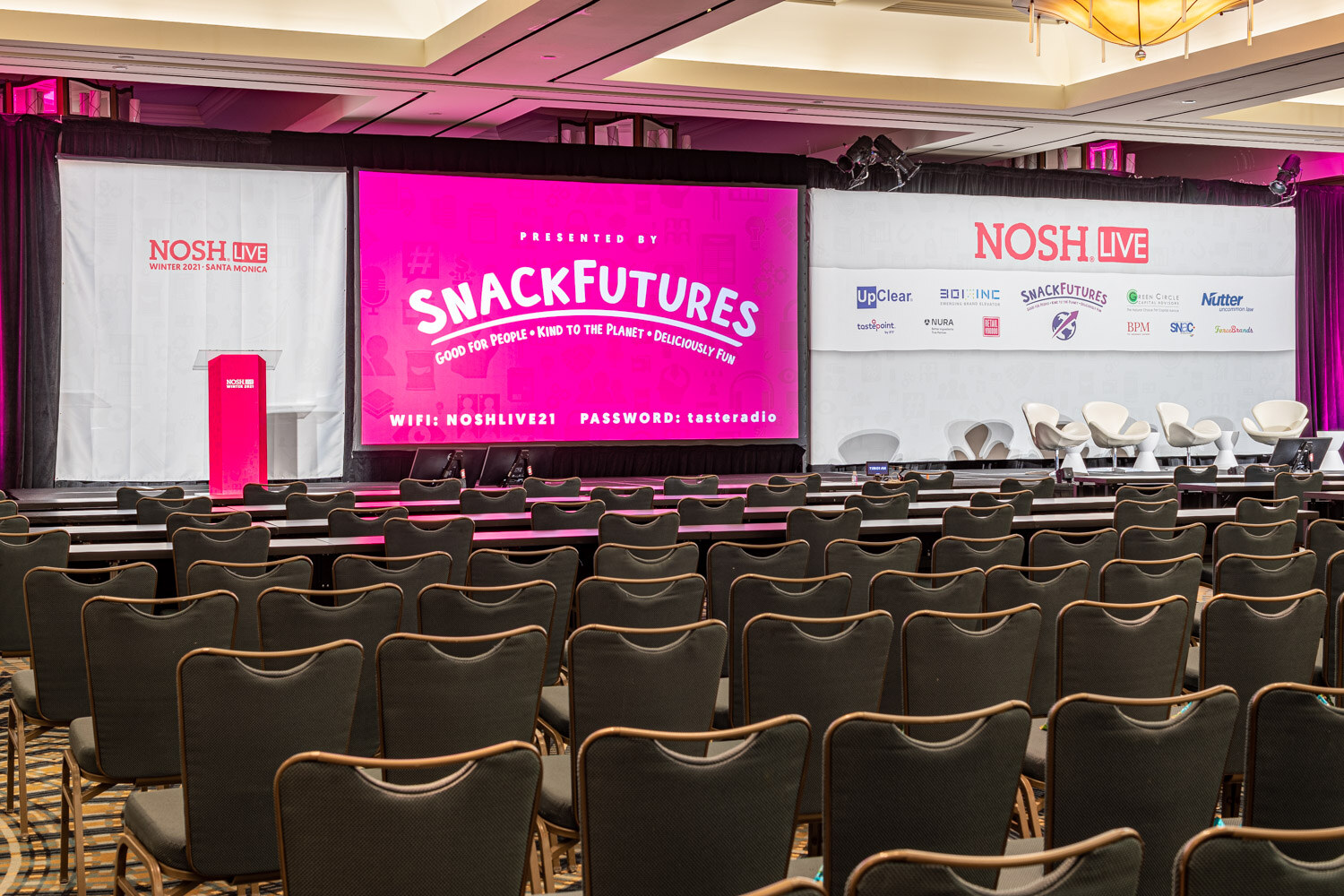 Wide view of a ballroom with rows of dark chairs facing a stage with a pink podium, a pink SnackFutures screen showing Wi-Fi details, a Nosh Live sponsor wall and white chairs.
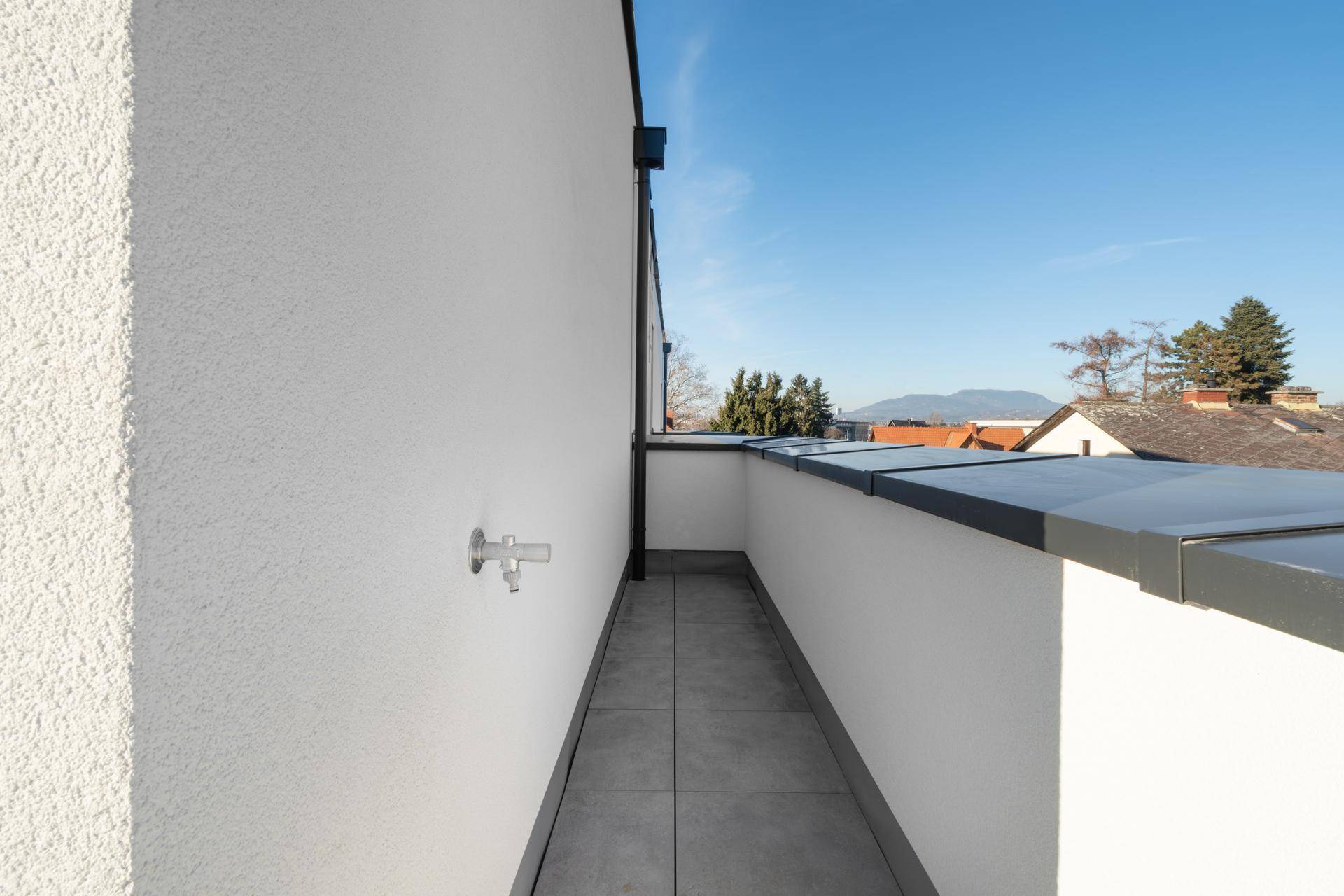 Kleiner, schmaler Balkon mit Wasseranschluss und Blick auf die Dächer der Umgebung.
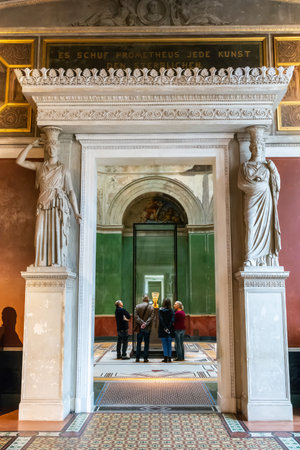 Berlin, Germany â January 29, 2018. Interior view of Neues Museum in Berlin, toward the bust of Egyptian queen Nefertiti, with people gathered around the sculpture. Her bust was created around 1340 BC by the court sculptor Thutmose.のeditorial素材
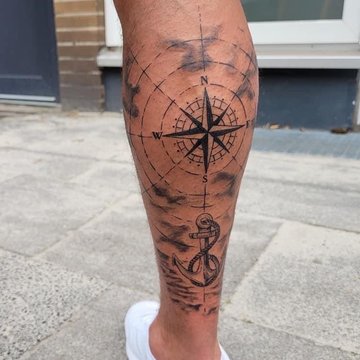 тату компас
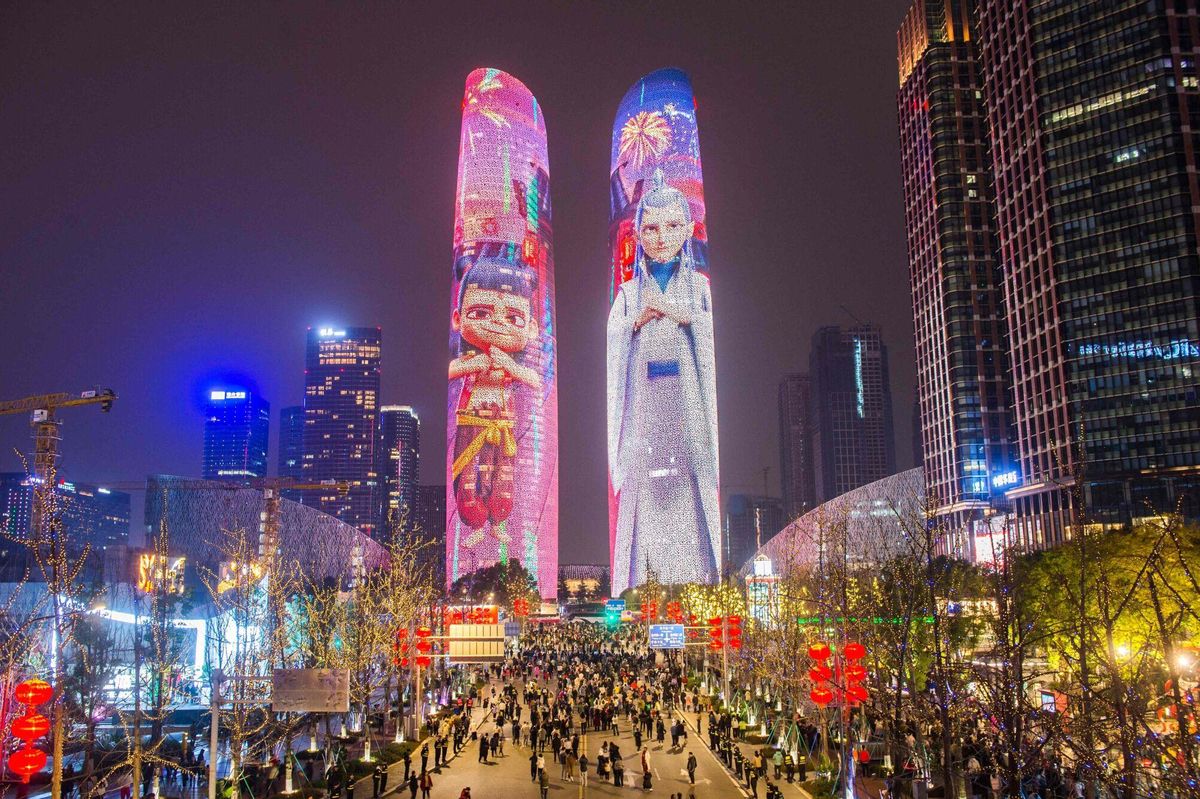 Buildings are lit up with characters from the movie “Ne Zha 2” in Chengdu, in China’s southwest Sichuan province on February 12, 2025. Animated Chinese blockbuster "Ne Zha 2", based on traditional mythology, has smashed multiple box office records on its way to becoming the country's most successful movie ever. (Photo by AFP) / China OUT. China OUT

▶ **Problem requirements**
The reply must consist of the records, repeated exactly, minus any images.

▶ **Output for this task**
 Wide view of a ballroom with rows of dark chairs facing a stage with a pink podium, a pink SnackFutures screen showing Wi-Fi details, a Nosh Live sponsor wall and white chairs.
 Kleiner, schmaler Balkon mit Wasseranschluss und Blick auf die Dächer der Umgebung.
 Berlin, Germany â January 29, 2018. Interior view of Neues Museum in Berlin, toward the bust of Egyptian queen Nefertiti, with people gathered around the sculpture. Her bust was created around 1340 BC by the court sculptor Thutmose.のeditorial素材
 тату компас
 Buildings are lit up with characters from the movie “Ne Zha 2” in Chengdu, in China’s southwest Sichuan province on February 12, 2025. Animated Chinese blockbuster "Ne Zha 2", based on traditional mythology, has smashed multiple box office records on its way to becoming the country's most successful movie ever. (Photo by AFP) / China OUT. China OUT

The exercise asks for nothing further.